--- Data ---

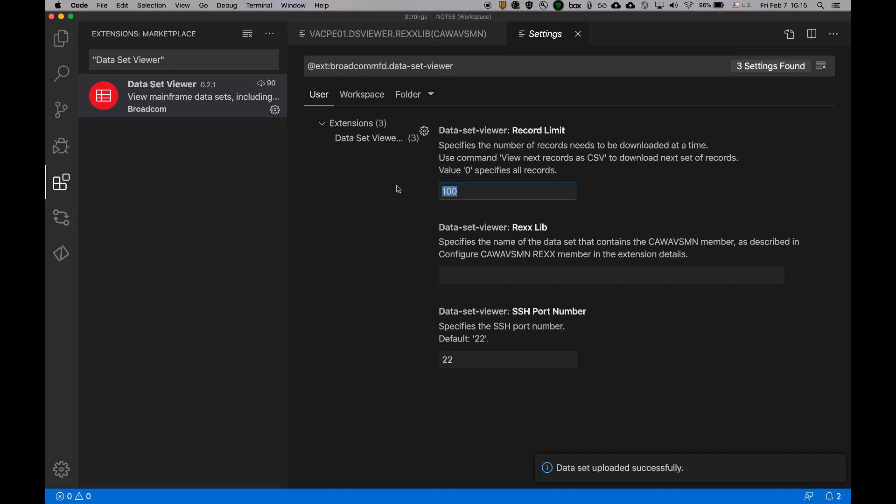you will be indicated by that and you can ask for more. If you specify zero, it will download everything by default. This is the rex library. So I'll provide the rex library.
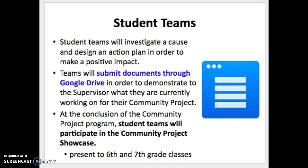Student teams will investigate and design a plan of action to make a positive impact. All materials are submitted through Google Drive — you'll receive a Canvas course or Google Classroom course from your supervisor where all materials are available. Every meeting is guided by one Google document that walks you through what needs to be completed in a timely manner. At your last meeting, you'll compile those Google documents into a community project showcase presentation and present to 6th and 7th grade students.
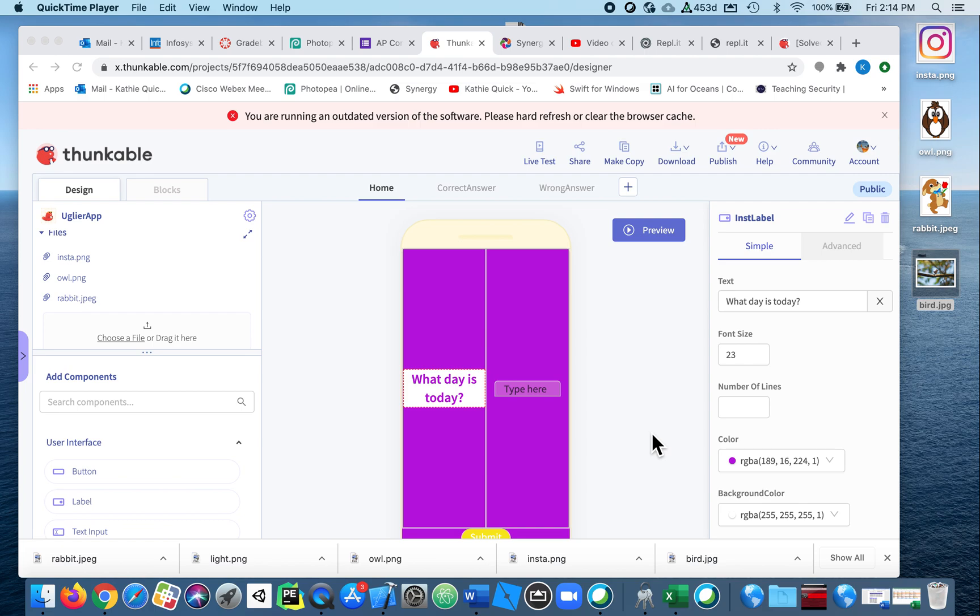This is going to be kind of a big video today. I'm going to show you several things in Thunkable—or coding really—is what I'm going to show you: some logic and how to create a list of items and how to use a loop to repeat something many times.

---

-- Assignment --
Nothing should appear in the answer except the lines from the one containing "Student teams will" through the last line of the listing, given again exactly and with no pictures.

-- Result --
Student teams will investigate and design a plan of action to make a positive impact. All materials are submitted through Google Drive — you'll receive a Canvas course or Google Classroom course from your supervisor where all materials are available. Every meeting is guided by one Google document that walks you through what needs to be completed in a timely manner. At your last meeting, you'll compile those Google documents into a community project showcase presentation and present to 6th and 7th grade students.
This is going to be kind of a big video today. I'm going to show you several things in Thunkable—or coding really—is what I'm going to show you: some logic and how to create a list of items and how to use a loop to repeat something many times.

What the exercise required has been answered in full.